In the entries that follow, identify the line containing "Dokud Zásoby Vydrží" and return it together with all later lines, exactly as they appear.

PROVIDED ENTRIES Start Marker

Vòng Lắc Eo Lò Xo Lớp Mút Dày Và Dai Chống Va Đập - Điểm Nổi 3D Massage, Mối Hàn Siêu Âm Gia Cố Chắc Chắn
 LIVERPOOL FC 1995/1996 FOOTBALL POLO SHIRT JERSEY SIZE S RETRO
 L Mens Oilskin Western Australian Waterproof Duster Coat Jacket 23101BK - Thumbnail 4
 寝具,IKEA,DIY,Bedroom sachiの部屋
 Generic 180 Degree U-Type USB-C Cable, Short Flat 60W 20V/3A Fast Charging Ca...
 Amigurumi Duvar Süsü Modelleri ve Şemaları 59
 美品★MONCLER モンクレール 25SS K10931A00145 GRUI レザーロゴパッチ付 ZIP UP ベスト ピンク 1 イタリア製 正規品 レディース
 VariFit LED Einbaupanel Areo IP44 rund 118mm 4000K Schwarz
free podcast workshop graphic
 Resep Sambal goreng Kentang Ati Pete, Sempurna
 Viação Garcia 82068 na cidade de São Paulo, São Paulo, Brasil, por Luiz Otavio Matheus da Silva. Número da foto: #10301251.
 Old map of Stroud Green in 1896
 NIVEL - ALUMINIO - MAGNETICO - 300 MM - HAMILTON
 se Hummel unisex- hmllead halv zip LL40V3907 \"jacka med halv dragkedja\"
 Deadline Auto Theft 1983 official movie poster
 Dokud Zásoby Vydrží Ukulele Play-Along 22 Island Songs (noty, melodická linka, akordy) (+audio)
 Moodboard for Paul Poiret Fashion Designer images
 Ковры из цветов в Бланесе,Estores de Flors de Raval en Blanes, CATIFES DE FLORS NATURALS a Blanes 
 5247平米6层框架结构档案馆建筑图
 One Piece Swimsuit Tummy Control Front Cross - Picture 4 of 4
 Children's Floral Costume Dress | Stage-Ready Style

PROVIDED ENTRIES End Marker

#### [OUTPUT FOR THIS EXERCISE]
 Dokud Zásoby Vydrží Ukulele Play-Along 22 Island Songs (noty, melodická linka, akordy) (+audio)
 Moodboard for Paul Poiret Fashion Designer images
 Ковры из цветов в Бланесе,Estores de Flors de Raval en Blanes, CATIFES DE FLORS NATURALS a Blanes 
 5247平米6层框架结构档案馆建筑图
 One Piece Swimsuit Tummy Control Front Cross - Picture 4 of 4
 Children's Floral Costume Dress | Stage-Ready Style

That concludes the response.